Karen Davis from the Commonwealth Fund has five principles: Coverage for all, payment reform, a more organized health care system (a “medical home” that ensures access, not just coverage), narrowing the variation in quality and efficiency and bringing everyone to the highest level of quality, national leadership with the private and public sector working together.
Julie Barnes from the New America Foundation’s Health Policy Program has a mission to “preach hope and dispel fears.” She urged journalists to include solutions in their reporting. Their goals: cover all Americans, reduce costs and improve quality. She says these are inextricably linked. Covering everyone means we need to change how we pay doctors, paying not for quantity but quality. She says it can’t happen without bipartisan support, and that we need to encourage conversation.
Tom Miller from American Enterprise Institute says we need to introduce incentives that move us toward a sustainable, value-based health system. We need to encourage healthier behavior by consumers. More emphasis on primary prevention. He says he will “revise and extend his remarks” on the AEI web site.

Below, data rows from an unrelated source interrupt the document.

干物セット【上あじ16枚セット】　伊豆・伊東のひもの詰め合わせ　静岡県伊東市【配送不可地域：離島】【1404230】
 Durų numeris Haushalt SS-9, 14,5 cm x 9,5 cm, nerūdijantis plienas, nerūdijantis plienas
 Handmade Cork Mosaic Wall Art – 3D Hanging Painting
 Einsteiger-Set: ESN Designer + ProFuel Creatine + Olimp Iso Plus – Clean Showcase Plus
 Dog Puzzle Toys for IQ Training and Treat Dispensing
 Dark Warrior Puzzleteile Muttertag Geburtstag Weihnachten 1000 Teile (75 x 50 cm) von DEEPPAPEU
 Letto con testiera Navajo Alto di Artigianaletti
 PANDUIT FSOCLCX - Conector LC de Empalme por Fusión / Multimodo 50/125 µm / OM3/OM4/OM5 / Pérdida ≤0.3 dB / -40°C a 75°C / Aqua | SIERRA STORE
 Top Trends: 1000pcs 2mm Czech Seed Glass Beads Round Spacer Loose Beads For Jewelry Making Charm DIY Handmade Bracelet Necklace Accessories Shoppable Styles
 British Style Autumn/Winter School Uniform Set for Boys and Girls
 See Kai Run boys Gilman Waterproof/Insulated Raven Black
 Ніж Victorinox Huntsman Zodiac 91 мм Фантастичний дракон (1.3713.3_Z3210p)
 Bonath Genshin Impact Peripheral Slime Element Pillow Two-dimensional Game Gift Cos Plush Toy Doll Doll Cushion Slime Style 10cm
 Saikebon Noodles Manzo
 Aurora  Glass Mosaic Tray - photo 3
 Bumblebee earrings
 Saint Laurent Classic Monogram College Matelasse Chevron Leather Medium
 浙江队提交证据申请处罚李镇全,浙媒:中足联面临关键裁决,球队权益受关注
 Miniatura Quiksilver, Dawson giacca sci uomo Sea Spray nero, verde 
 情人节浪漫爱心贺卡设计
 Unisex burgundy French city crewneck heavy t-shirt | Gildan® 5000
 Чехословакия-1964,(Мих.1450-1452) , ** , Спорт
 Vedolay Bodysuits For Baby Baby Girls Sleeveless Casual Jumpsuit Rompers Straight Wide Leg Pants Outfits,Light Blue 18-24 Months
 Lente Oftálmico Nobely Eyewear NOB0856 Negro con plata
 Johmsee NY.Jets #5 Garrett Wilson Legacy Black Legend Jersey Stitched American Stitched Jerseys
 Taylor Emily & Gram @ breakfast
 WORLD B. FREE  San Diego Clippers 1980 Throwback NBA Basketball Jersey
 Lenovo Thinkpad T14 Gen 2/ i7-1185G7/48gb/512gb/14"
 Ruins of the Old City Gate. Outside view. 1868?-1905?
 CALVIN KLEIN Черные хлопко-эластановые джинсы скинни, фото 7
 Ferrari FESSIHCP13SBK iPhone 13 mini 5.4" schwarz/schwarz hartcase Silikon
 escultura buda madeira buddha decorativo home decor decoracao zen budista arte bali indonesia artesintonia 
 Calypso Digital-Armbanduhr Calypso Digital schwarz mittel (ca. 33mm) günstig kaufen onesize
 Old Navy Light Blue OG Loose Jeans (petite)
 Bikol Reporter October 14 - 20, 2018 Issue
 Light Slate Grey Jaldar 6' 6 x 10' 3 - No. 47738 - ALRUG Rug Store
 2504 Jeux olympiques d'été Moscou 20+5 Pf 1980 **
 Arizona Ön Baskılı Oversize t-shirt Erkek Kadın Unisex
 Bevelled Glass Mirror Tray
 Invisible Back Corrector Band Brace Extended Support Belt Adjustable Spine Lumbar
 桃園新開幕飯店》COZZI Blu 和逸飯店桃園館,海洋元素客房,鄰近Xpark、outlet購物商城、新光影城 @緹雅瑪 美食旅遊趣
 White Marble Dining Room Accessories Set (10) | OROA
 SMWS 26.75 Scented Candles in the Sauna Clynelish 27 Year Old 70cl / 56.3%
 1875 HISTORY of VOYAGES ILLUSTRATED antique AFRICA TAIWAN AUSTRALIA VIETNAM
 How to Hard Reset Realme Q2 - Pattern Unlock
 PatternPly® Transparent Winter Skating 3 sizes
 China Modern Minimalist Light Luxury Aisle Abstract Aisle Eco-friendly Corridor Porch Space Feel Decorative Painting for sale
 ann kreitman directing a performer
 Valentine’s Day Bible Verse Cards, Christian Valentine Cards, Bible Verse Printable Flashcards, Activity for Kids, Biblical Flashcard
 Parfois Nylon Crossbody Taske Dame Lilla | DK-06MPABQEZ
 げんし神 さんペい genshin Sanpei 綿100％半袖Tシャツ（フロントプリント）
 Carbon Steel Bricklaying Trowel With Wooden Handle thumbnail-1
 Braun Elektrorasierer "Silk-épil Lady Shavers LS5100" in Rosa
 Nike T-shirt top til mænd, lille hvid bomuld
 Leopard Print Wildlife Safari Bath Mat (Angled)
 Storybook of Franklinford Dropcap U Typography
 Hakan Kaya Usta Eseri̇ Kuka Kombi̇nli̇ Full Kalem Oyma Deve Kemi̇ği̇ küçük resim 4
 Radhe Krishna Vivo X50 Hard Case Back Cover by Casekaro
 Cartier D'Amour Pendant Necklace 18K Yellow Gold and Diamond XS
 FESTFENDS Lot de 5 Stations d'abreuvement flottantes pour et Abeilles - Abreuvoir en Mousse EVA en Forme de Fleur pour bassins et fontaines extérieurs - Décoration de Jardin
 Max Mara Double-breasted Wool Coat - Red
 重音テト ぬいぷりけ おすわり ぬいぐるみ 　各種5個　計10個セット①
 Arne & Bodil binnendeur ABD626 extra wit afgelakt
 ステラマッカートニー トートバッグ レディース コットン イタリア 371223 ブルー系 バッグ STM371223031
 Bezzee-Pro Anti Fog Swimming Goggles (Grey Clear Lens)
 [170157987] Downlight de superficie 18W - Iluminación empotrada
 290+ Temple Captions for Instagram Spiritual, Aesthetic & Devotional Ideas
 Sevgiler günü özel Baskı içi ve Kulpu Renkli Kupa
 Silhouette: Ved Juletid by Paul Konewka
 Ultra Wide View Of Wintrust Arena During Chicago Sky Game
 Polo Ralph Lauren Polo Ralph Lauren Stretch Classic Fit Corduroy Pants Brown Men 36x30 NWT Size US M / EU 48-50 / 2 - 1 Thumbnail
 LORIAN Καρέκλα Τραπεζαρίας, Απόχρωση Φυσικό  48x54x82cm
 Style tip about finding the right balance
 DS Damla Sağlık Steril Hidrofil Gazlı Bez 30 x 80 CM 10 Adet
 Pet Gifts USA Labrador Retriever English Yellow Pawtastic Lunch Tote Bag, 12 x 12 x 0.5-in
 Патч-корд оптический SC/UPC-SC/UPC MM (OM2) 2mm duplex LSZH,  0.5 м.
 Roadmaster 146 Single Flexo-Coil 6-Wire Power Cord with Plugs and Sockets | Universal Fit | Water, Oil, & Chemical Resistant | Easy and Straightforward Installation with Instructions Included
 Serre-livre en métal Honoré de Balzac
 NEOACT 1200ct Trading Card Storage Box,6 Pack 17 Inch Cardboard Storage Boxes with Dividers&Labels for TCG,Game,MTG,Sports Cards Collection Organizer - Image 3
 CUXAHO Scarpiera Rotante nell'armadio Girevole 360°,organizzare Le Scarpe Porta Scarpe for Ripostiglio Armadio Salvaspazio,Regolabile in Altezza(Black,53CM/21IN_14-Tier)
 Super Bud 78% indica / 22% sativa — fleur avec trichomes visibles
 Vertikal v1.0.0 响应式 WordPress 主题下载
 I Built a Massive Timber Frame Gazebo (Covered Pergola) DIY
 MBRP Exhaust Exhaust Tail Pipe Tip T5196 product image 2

Miller says the mismatch between what we spend and what we receive is the fundamental problem. We can’t tax ourselves enough to pay for a program when overall costs are increasing faster than the economy.
Miller and Himmelstein got into a discussion that was, at the very least, “spirited.” Julie Barnes got her wish for “conversation,” I guess.
Julie Appleby asked each of them to suggest story ideas for the assembled journalists. Their suggestions:
Barnes: Write about how we cannot “not” afford health reform.
Miller: Why is it that by shifting costs we make them go away? Why are things a better value when we pay for them collectively?
Himmelstein: Suggests doing profiles on members of his organization (he says there is one in virtually any community), who support a national single-payer program.
Davis: How different prices are charged to different kinds of patients for the same drug or device. Also suggests looking at success stories and calling attention to programs that are keeping people out of the hospital.